There are still a
slew of them traveling about the globe, peopling World Team Tennis rosters and
downing legendary portions of beer. The caravan has changed now—the names are
Dibley, Dent, Kronk, Case, Masters and Alexander—wayfarers as
indistinguishable, one from the other, as Japanese tourists or Pan Am
stewardesses. They are just The Aussies and are inevitably referred to only in
that slighting summary. Of course, the vintage elves, Laver and Rosewall, still
surface occasionally, capable of yet one more burst, even a fusillade from the
past. But they are fading, and Roche—though still in our midst, stout and so
good-natured—was cut short of greatness by injuries.
So there is only
one real Aussie left from the dynasty that began in 1950 with Sedgman and
McGregor and won 16 Davis Cups, 14 Wimbledons, 15 Forest Hills. Newk. The only
real Aussie left is Newk.
The sad thing, now
that the reign is over, is that the American public never did take the time to
sort out the real Aussies. They were—are—quite different chaps; the champion
Laver, dour and most insecure; his friend Emmo, boyish, the life of every
party; the sweet, retiring little Rosewall; Hoad, bull-strong, fun and no airs;
and Newcombe, the last of the line but the brightest, the boss, the most
dominant personality. Also the most complex: on the court, so game, so
competitive, playing nearly possessed; off it, utterly at ease, almost lacking
in ambition except to obtain those dull, small comforts of middle-class
security—to be with his family, to provide for his old age, to have a few beers
now and then, and a lot of beers now and then, too.
Despite his record
and his charm Newcombe has been relatively neglected. Well, he came to a world
jaded with Aussie champions. "If Smith or Ashe had done what I've
done," he says, "they could write their own ticket. They'd be up there
with Namath." And while he has periodically been No. 1, he has always
appeared as a sort of in-between, as he will again next week, when he returns
to Forest Hills as the defending champion and finds Jimmy Connors the cynosure.

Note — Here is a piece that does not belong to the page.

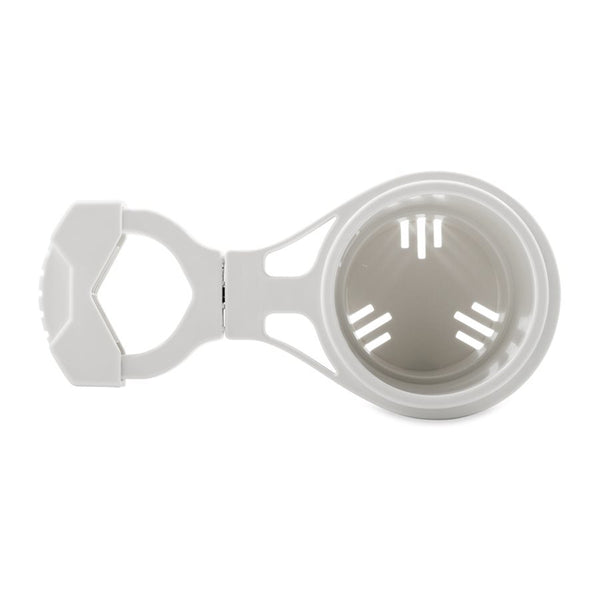 Camco ClampOn Rail Mounted Cup Holder  Large for Up to 2 Rail  White 53083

Finally, and perhaps unkindest of all, Newcombe is often dismissed as a limited
serve-and-volley brute when, in fact, he can toss up a scrambler's lob the
equal of anybody's, and the best two parts of his game, neither of them holding
a racket, are his head and his heart.
Newk has the
perfect temperament for life and games of skill. "Grab a tastie," he
called from the court in front of his Texas condominium—this to a visiting PR
man from Atlanta. But it is a universal welcome with him; the little tabs that
are wrenched off cans and plastic six-pack wrappings lie about the Newcombe
environs, as surely artifacts as arrowheads and pottery shards are of earlier
cultures. Newk was finishing practice, wearing a rather dreadful red bathing
suit; it was nearly time for him to lend his service to the barbecue. There
were ribs, steaks, corn, bananas, rolls and salad as side dishes to the
beer.
In the States, the
Newcombes live with their three small children on their own tennis ranch, the
T-Bar-M, near San Antonio; they also have an estate outside Sydney and switch
continents effortlessly. "I see myself as a person of the world," Newk
says, quite matter-of-factly. He doesn't mean "person of the world" in
the pseudosophisticated manner of talk-show guests when they are out to buy a
chalet in Switzerland to avoid paying taxes; he just means that he can live
happily in a lot of places, especially if those places aren't hotels.
If it is correct
to say, though, that there has been some Americanization of Newcombe, it is
only fair to all that he tends to effect a Newkization of those about him.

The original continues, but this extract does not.